Leave every picture out and print exactly the lines that run from the one containing "sunroom / solarium" to the end of the listing.

INFORMATION SUPPLIED:
______________________________
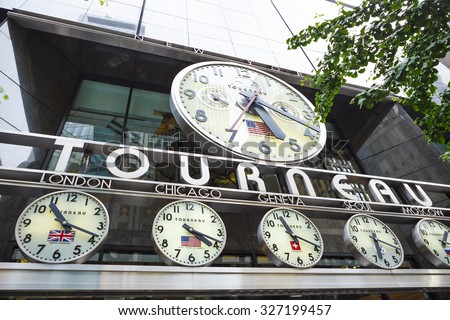 New York, New York, USA - May 30, 2012: Tourneau clocks and signage over Tourneau Time Machine on in Midtown Manhattan.  Tourneau is a leading retailer of fine watches with stores throughout the US.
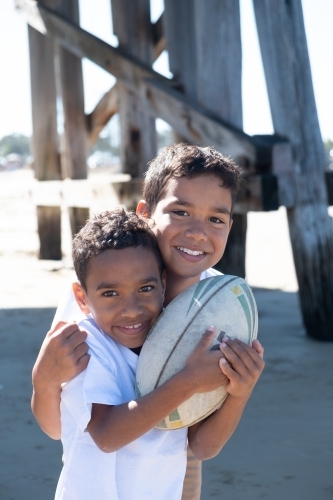Two indigenous boys playing under a wooden pier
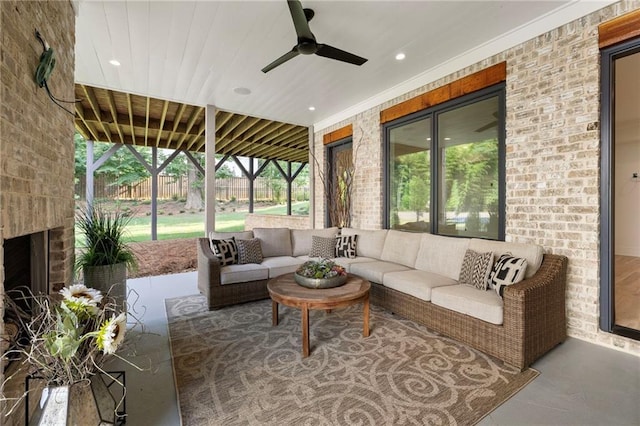 sunroom / solarium featuring an outdoor brick fireplace and ceiling fan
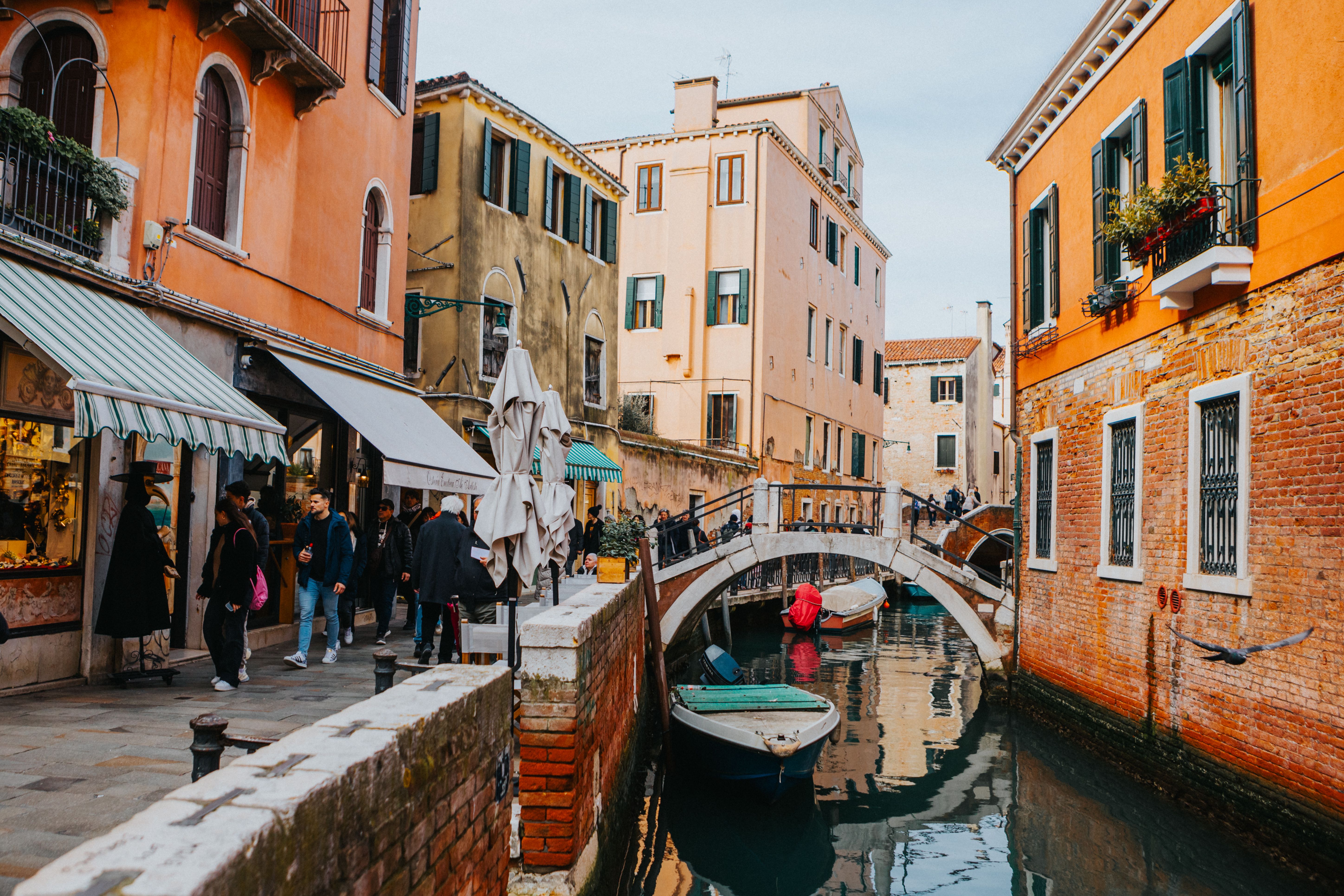 A narrow canal with a small stone bridge, moored boats and orange and ochre brick buildings, with shop awnings and a few pedestrians on the left bank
______________________________
ANSWER SECTION:
 sunroom / solarium featuring an outdoor brick fireplace and ceiling fan
 A narrow canal with a small stone bridge, moored boats and orange and ochre brick buildings, with shop awnings and a few pedestrians on the left bank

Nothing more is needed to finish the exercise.